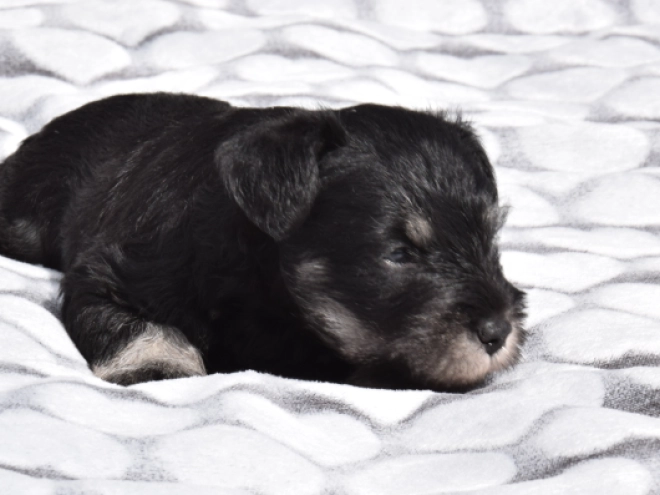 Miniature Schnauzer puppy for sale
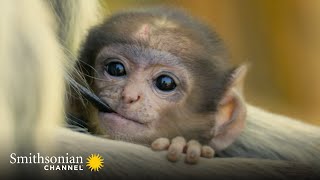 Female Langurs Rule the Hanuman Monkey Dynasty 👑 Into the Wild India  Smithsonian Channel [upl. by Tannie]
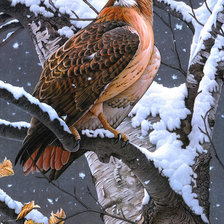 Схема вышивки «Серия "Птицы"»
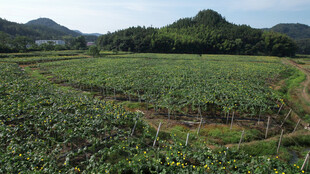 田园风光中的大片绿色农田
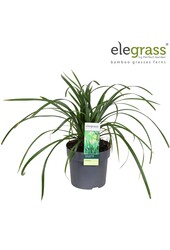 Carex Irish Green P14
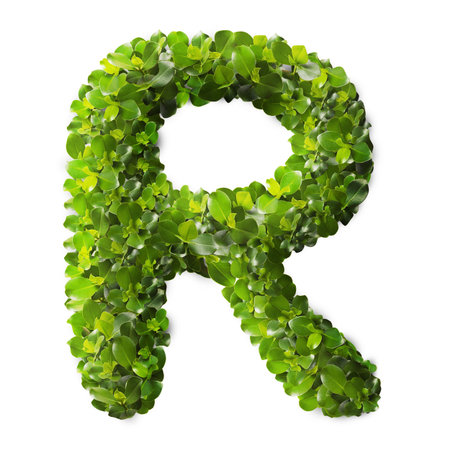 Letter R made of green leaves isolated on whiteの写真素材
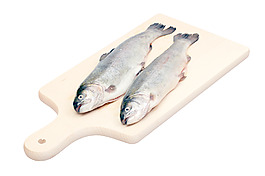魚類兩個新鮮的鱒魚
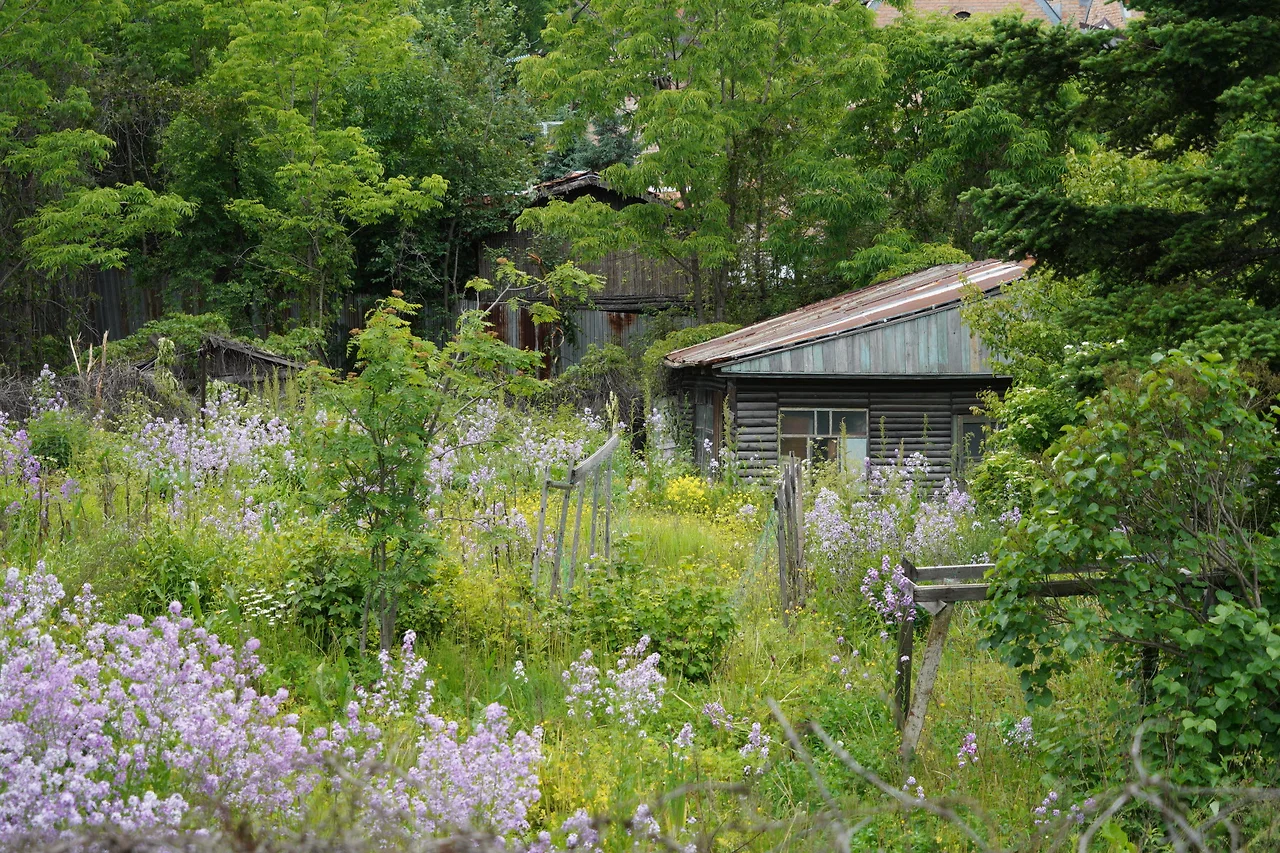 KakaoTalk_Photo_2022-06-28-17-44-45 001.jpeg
•••••
● Work request
Keep the pictures out and print all the records exactly as they are.

● Reply to the exercise
 Miniature Schnauzer puppy for sale
 Female Langurs Rule the Hanuman Monkey Dynasty 👑 Into the Wild India  Smithsonian Channel [upl. by Tannie]
 Схема вышивки «Серия "Птицы"»
 田园风光中的大片绿色农田
 Carex Irish Green P14
 Letter R made of green leaves isolated on whiteの写真素材
魚類兩個新鮮的鱒魚
 KakaoTalk_Photo_2022-06-28-17-44-45 001.jpeg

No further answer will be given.